Resolve duplicate base assignment of TEs.

sjteresi / TE_Density

Python script calculating transposable element density for all genes in a genome. Publication: https://mobilednajournal.biomedcentral.com/articles/10.1186/s13100-022-00264-4

GNU General Public License v3.0

28 stars 4 forks source link

Resolve duplicate base assignment of TEs. #31

Closed sjteresi closed 3 years ago

sjteresi commented 4 years ago

Sara Anderson in her maize methylome paper modified a TE annotation using RTrackLayer in R so that each base of the genome could only be assigned to a single TE.

Investigate RTrackLayer and have a discussion with Pat. This may aid in our interpretation steps, so that we are not double counting or needing to do any silly math.

sjteresi commented 3 years ago

Shujun has a system for resolving duplicate base pairs within EDTA, it is just a Perl script. It will require a bed format of TEs. After looking at the script, it is unclear how the annotation naming scheme is kept.

sjteresi commented 3 years ago

Spoke with Adrian and Pat about possible fixes. I had a short presentation with Pat and Adrian about the problem and potential fixes.

@teresi please take a look at this powerpoint just to see the current state of affairs and re-familiarize yourself with the problem.

I am getting suggestions from Pat and Adrian, will keep you updated.

sjteresi commented 3 years ago

@teresi am ready to merge with master, however given the changes ongoing in genedata_cache branch. I would like to integrate that one first (possibly into this branch?). I need the new paths for the verify commands from genedata_cache and I will need to update the True/False usage of a command-line argument in this branch (I will borrow some code from genedata_cache for that).

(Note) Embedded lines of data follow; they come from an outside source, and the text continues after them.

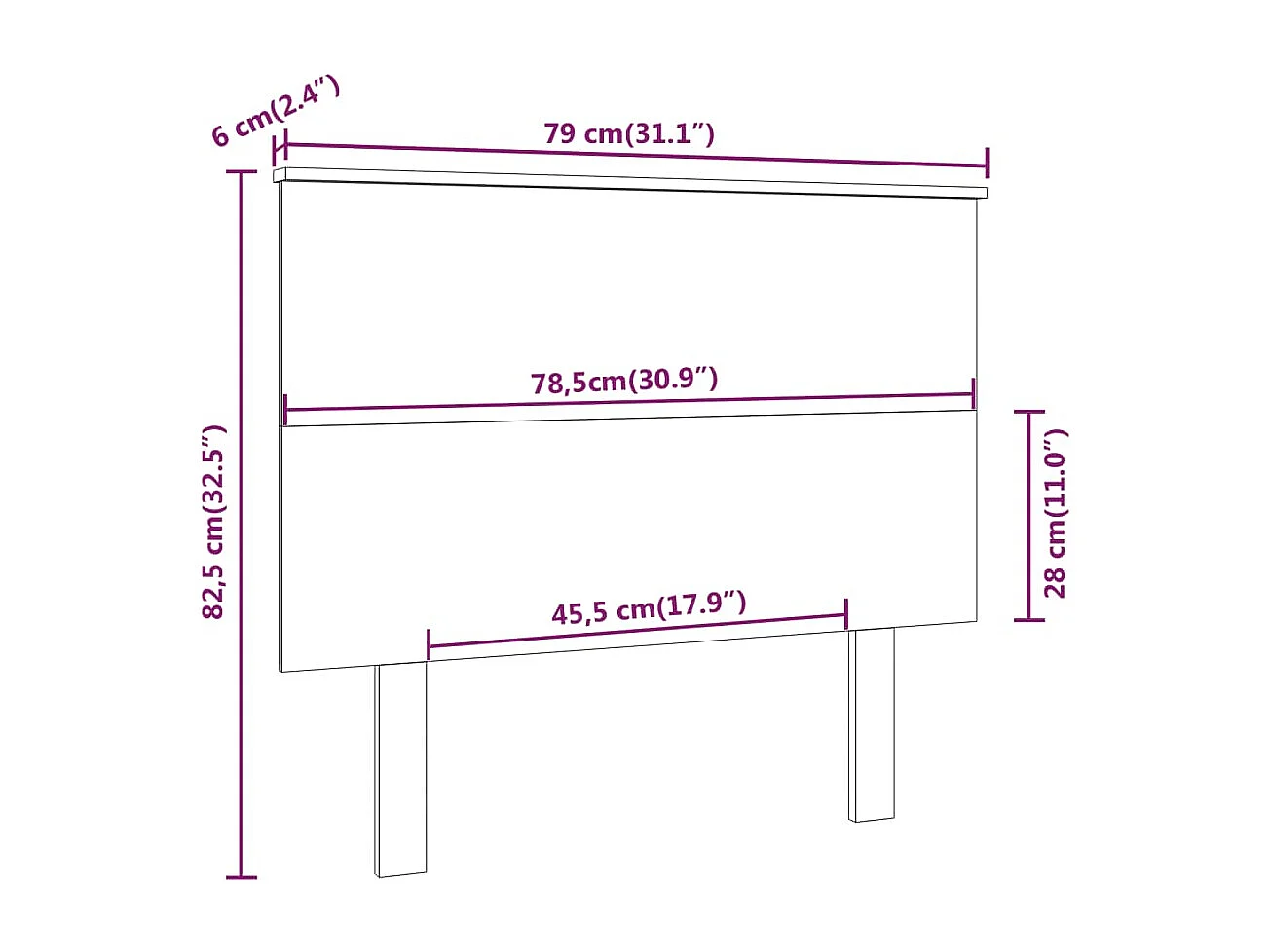 Tête de Lit | Panneau de tête pour lit Moderne Marron miel 79x6x82,5 cm Bois massif de pin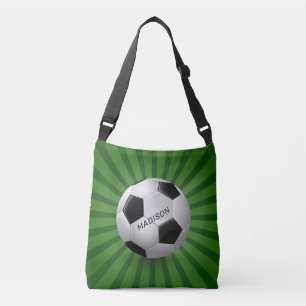 Custom name Retro Soccer Ball bags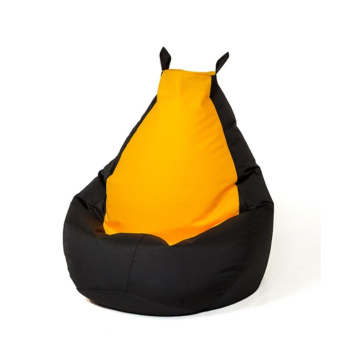 Pufa worek sako BATMAN czarny-żółty L 105x80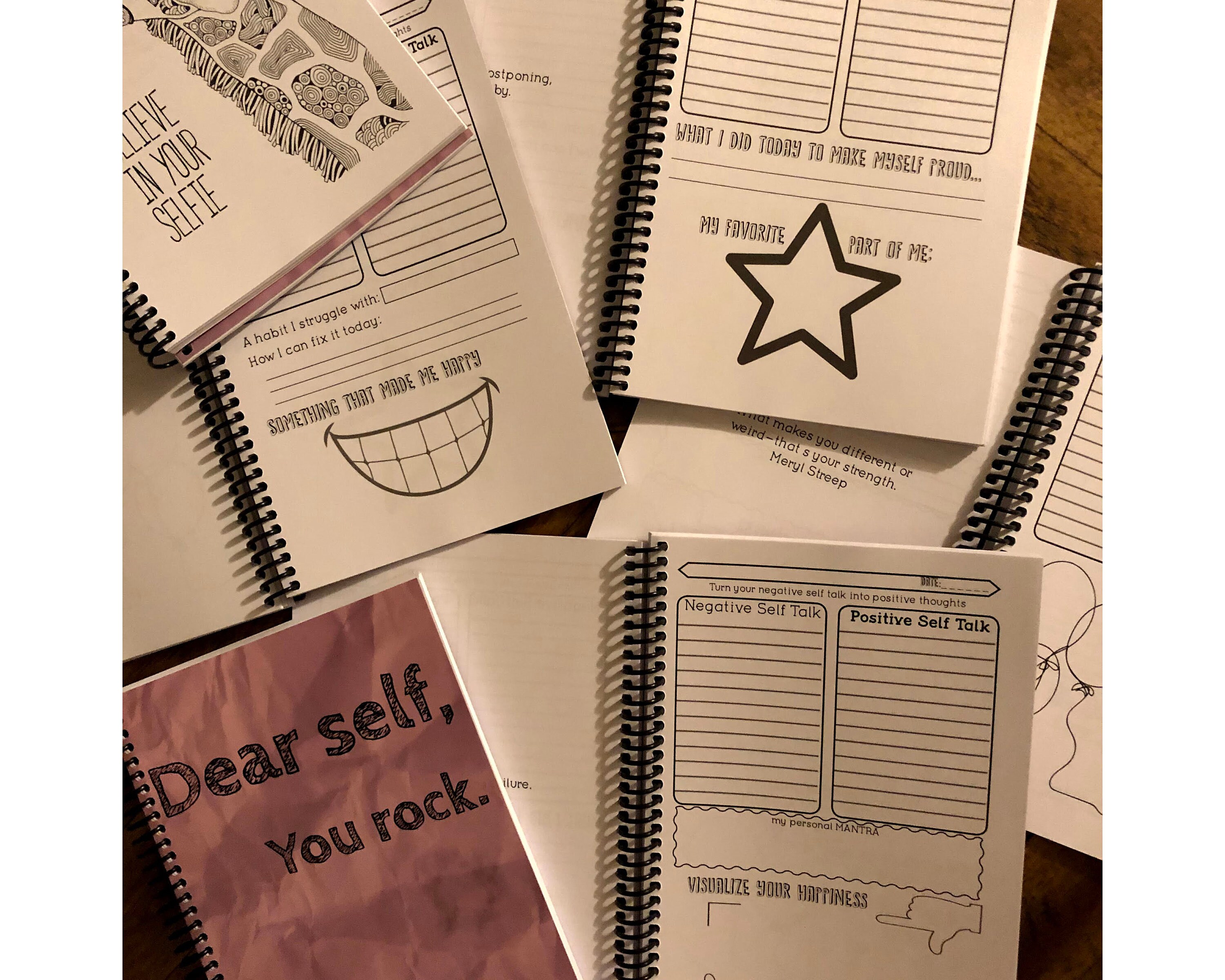 Positive Self Talk Journal:  Embrace Your Body - 7spvdmk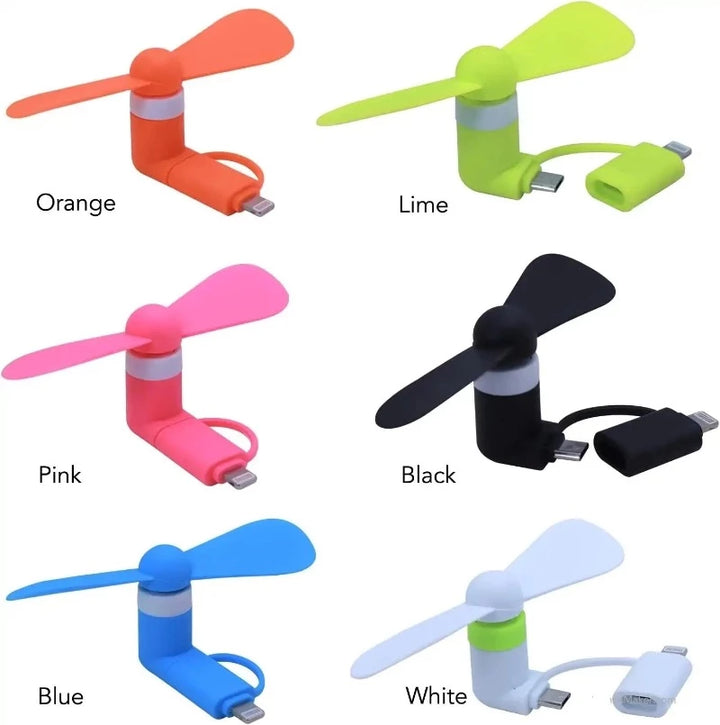    Portable Cell Mobile Phone Fan Mini Micro Portable Usb Mini Fan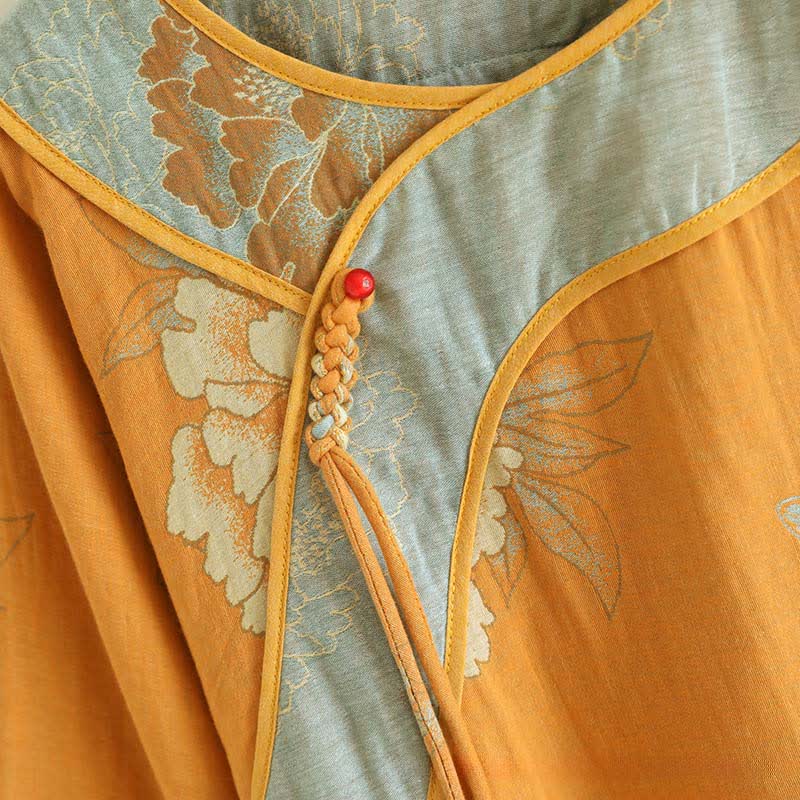 Peony Butterfly Jacquard Cotton Gauze Pajamas - image 4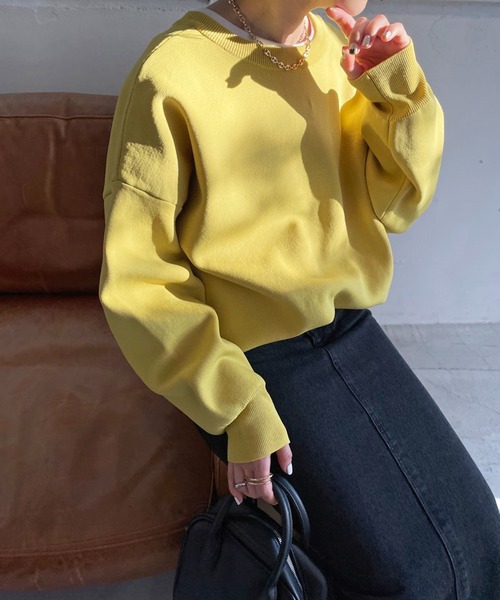 DISCOAT（ディスコート）の「【前後2WAY】スポンディッシュカーディガン（カーディガン/ボレロ・レディース・アイボリー/ブラック/バイオレット/イエロー・FREE）」の22枚目の写真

So given that genedata_cache contains some newer features that I would like to incorporate into this (and I will have to probably add one more small commit on top of that), how should I best handle adding this body of code to master?

sjteresi commented 3 years ago

Reminder that the ulimit needs to be set, possibly discuss with Michael about how to have the user that themselves. I have to set it in every terminal session.